### WORK TO BE COMPLETED
Return, with both end lines included, exactly what the data below holds from the line with "麻酱花卷的做法步骤：10" through the line with "Skoda on art24", though not the pictures.

### TASK MATERIAL
########################################

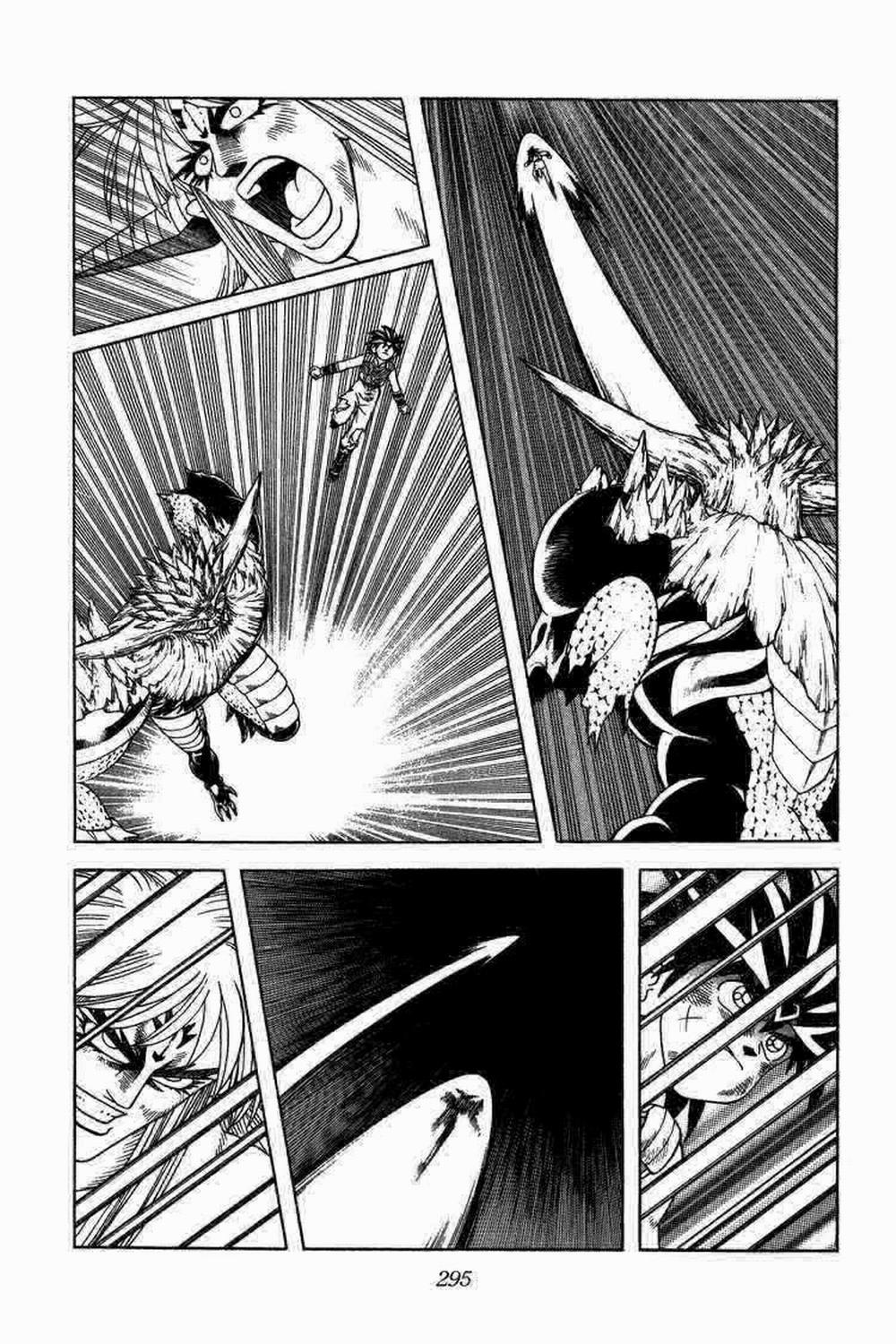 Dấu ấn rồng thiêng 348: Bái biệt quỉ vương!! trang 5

########################################

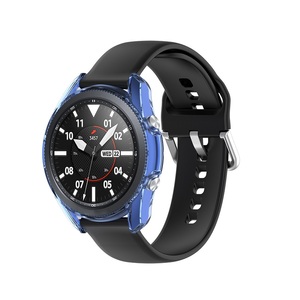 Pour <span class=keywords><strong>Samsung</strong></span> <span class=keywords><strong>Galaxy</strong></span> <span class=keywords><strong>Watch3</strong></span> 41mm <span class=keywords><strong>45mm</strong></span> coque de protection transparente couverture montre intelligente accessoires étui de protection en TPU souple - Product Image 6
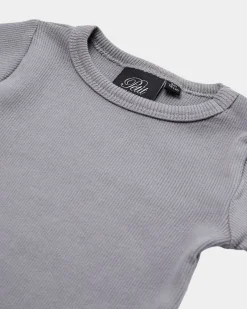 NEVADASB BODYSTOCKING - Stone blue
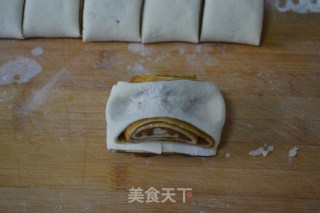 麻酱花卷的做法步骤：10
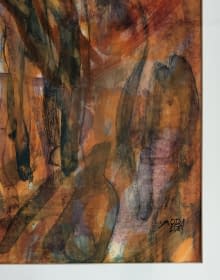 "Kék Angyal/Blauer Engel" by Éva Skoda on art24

########################################

### ANSWER TO THIS TASK
 麻酱花卷的做法步骤：10
 "Kék Angyal/Blauer Engel" by Éva Skoda on art24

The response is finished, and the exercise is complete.